▸ DATA UNDER STUDY:

_ _ _

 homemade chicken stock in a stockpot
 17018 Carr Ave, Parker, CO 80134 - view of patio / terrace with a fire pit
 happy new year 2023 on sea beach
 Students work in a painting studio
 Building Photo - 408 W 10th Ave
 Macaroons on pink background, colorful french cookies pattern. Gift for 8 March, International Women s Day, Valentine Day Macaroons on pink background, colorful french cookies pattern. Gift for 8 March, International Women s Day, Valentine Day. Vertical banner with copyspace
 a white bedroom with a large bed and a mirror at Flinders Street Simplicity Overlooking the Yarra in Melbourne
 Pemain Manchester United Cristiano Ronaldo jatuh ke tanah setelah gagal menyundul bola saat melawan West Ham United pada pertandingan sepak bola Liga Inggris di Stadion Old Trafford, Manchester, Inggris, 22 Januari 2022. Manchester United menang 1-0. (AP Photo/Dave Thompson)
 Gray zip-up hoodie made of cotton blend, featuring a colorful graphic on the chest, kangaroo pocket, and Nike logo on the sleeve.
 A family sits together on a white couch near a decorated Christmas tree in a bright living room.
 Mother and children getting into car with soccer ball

_ _ _

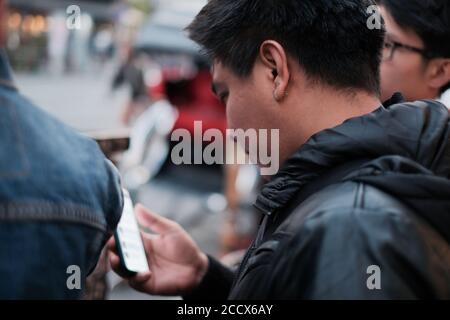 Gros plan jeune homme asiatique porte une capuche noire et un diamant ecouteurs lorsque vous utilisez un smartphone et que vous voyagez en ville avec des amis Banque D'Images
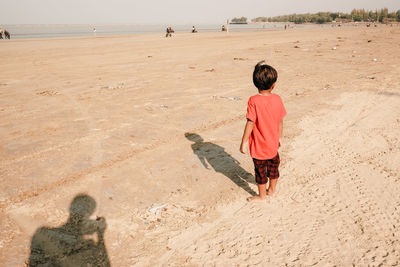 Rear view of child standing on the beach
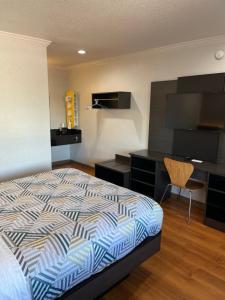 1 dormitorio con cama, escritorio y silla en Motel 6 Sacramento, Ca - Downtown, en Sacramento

_ _ _

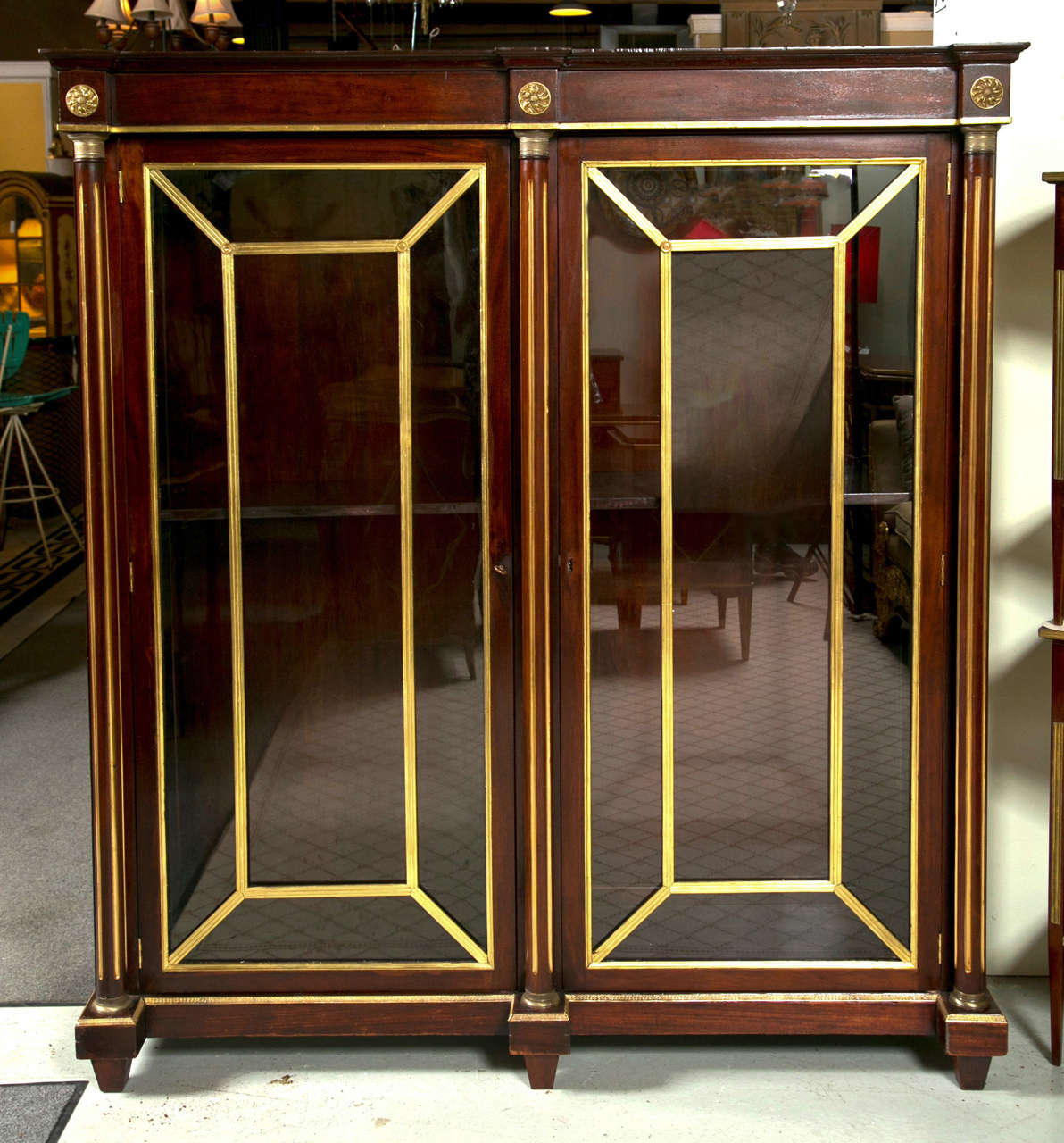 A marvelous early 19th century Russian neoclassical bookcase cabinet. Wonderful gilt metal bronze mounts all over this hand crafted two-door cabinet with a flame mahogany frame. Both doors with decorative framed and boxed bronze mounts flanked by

_ _ _

▸ INSTRUCTIONS TO FOLLOW: All that is needed is the exact run of lines above from the line containing "17018 Carr Ave, Parker, CO" through the line containing "Mother and children", both of them included.

▸ FINISHED EXERCISE:
 17018 Carr Ave, Parker, CO 80134 - view of patio / terrace with a fire pit
 happy new year 2023 on sea beach
 Students work in a painting studio
 Building Photo - 408 W 10th Ave
 Macaroons on pink background, colorful french cookies pattern. Gift for 8 March, International Women s Day, Valentine Day Macaroons on pink background, colorful french cookies pattern. Gift for 8 March, International Women s Day, Valentine Day. Vertical banner with copyspace
 a white bedroom with a large bed and a mirror at Flinders Street Simplicity Overlooking the Yarra in Melbourne
 Pemain Manchester United Cristiano Ronaldo jatuh ke tanah setelah gagal menyundul bola saat melawan West Ham United pada pertandingan sepak bola Liga Inggris di Stadion Old Trafford, Manchester, Inggris, 22 Januari 2022. Manchester United menang 1-0. (AP Photo/Dave Thompson)
 Gray zip-up hoodie made of cotton blend, featuring a colorful graphic on the chest, kangaroo pocket, and Nike logo on the sleeve.
 A family sits together on a white couch near a decorated Christmas tree in a bright living room.
 Mother and children getting into car with soccer ball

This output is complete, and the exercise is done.